Despite the economy contracting, there are still apprenticeships out there, however many young people look down their noses at these, feeling that they 'deserve' a degree. Then they wonder why they can only get bog-standard jobs which lead nowhere when they graduate.

I'm pretty sure that even if apprenticeships were plentiful, employers would struggle to recruit enough teenagers, as many view themselves as 'university material' and manual work is something for their dad's generation. Certainly, the time to have dreams is when you're young and not everyone knows what they want to do at 18, but the former has to be tempered with a glance into what the real world is like.

There's no point entering higher education with a vague idea of working in the media - another sector which is stitched up by kids with contacts and well-off parents who can bankroll unpaid intern roles - when the chance of getting a job in that field is close to zero.

Of course there's always teaching, but that's massively over-subscribed as well, except for, guess what, in maths and IT roles.
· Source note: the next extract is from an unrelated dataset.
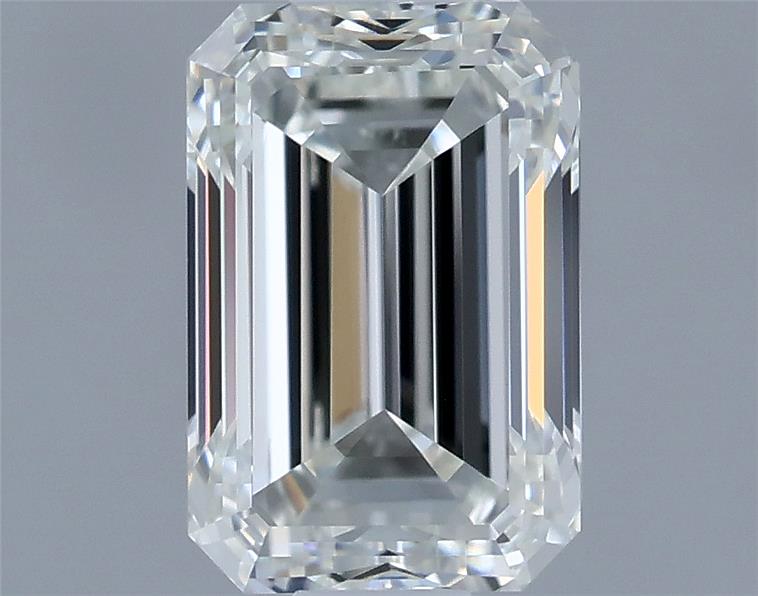 0.7ct Emerald I VS2 Natural Diamond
Far better surely to move heaven and earth to get a hands-on traineeship rather than muck about at uni for 3 years and then complain that all you can get is a job in a call centre when you get your degree scroll.

I really admire the Poles who've come to the UK, as from teenagers to the middle aged they work their socks off and don't see any job as being beneath them. Some say they're undercutting British workers, but what they're doing in most cases are jobs which British people refuse to do, and the fact that the latter are allowed to get away with this is scandalous.
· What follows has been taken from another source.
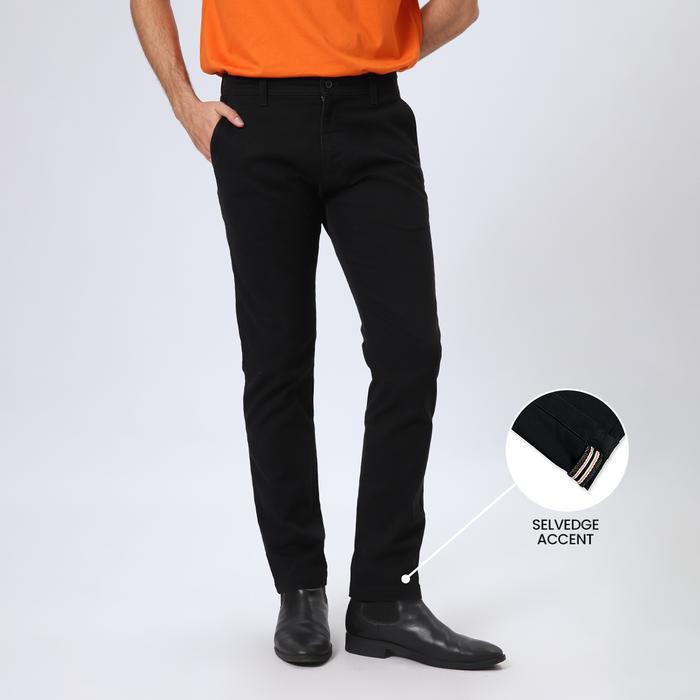 Edwin Jeans - Celana Panjang Chinos Pria Slim Fit Ferando Collection Celana Chino Pria Selvedge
Whatever mistakes Labour and Tory governments have made in the past - Labour's 'hammer the successful' tax policies in the 1970s were suicidal and the Tories were wrong to dispense with our manufacturing base in the 1980s - too many British people of all ages have lost the work ethic.

Governments hugely expanding higher education with pointless courses which teach young people little of value (there's only so far you can push the 'transferable skills' argument) in what could well be the most important years of their lives won't help to alter this attitude.